Biópsia hepática: embora uma biópsia hepática possa fornecer informações adicionais que sugiram potencias etiologias da IHA em casos indeterminados, esse não é um exame necessário para confirmar o diagnóstico, e normalmente não tem impacto no manejo clínico, no desfecho ou na avaliação do prognóstico. Por esses motivos, geralmente não são realizadas biópsias hepáticas no contexto da IHA.[58] Uma exceção a esse fato pode incluir circunstâncias em que houver suspeita de malignidade infiltrante, como linfoma ou doença hepática metastática.[4][59] Uma biópsia hepática também pode ser útil no diagnóstico de condições como suspeita de hepatite autoimune ou hepatite aguda por vírus do herpes simples.[4][60][61] Se houver suspeita de lesão hepática induzida por medicamentos, a biópsia hepática pode ajudar a identificar a substância hepatotóxica, com base no(s) padrão(ões) histológico(s), ou determinar o mecanismo da lesão, e também pode fornecer informações prognósticas úteis.[30] Se uma biópsia hepática for considerada, uma abordagem transjugular é preferível, dado o aumento do risco de sangramento associado a coagulopatia durante a IHA.[4] Devem ser realizadas a tipagem e a triagem de unidades sanguíneas para o caso de ser necessária uma transfusão.
Avaliação prognóstica
Com base nos achados clínicos na apresentação, em exames laboratoriais iniciais, e na etiologia da IHA, pode-se realizar uma avaliação quanto à gravidade e ao prognóstico associados à evolução da IHA.
A etiologia é um fator essencial na avaliação do prognóstico.[4] Hepatotoxicidade do paracetamol é mais comumente associada à apresentação hiperaguda e a uma maior taxa de recuperação espontânea, ao contrário de reações idiossincráticas ao medicamento, que podem ter uma evolução subaguda e apresentar um prognóstico menos favorável.[6][13] A hepatite A aguda e a hepatite isquêmica também têm um prognóstico relativamente favorável. Hepatite B aguda, hepatite autoimune, doença de Wilson, síndrome de Budd-Chiari e causas indeterminadas indicam um prognóstico mais desfavorável.[8]
A encefalopatia hepática de grau 3 ou 4 na internação hospitalar indica um prognóstico mais desfavorável.
Exames laboratoriais, inclusive INR, bilirrubina, creatinina e logaritmo negativo da atividade de íons hidrogênio são componentes de ferramentas prognósticas como os critérios do King's College. Um nível baixo de fator V na presença de encefalopatia hepática pode ser preditivo de mortalidade, sobretudo em pacientes com IHA secundária a hepatite viral.[62] Em um estudo de coorte prospectivo realizado com pacientes com IHA, observou-se que os limiares ideais de fator V preditivos de sobrevida foram >10.5% do normal na IHA associada a paracetamol e de >22% do normal na IHA não associada a paracetamol.[63]

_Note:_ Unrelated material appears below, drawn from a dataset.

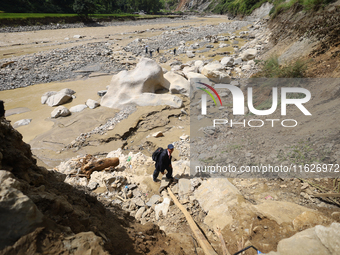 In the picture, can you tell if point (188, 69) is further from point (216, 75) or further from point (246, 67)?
point (246, 67)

Vários critérios prognósticos já foram propostos e validados no contexto da IHA. Esses critérios podem ser fundamentais na identificação de pacientes com risco elevado de mortalidade. A ferramenta prognóstica mais amplamente aceita são os critérios do King's College.[64] Em geral, esses critérios são fundamentais na seleção de pacientes com alto risco de mortalidade por IHA. No entanto, tais critérios apresentam limitações; portanto, a American Association for the Study of Liver Diseases não recomenda que os profissionais da saúde confiem em escores prognósticos para determinar se um paciente é candidato a transplante do fígado.[8]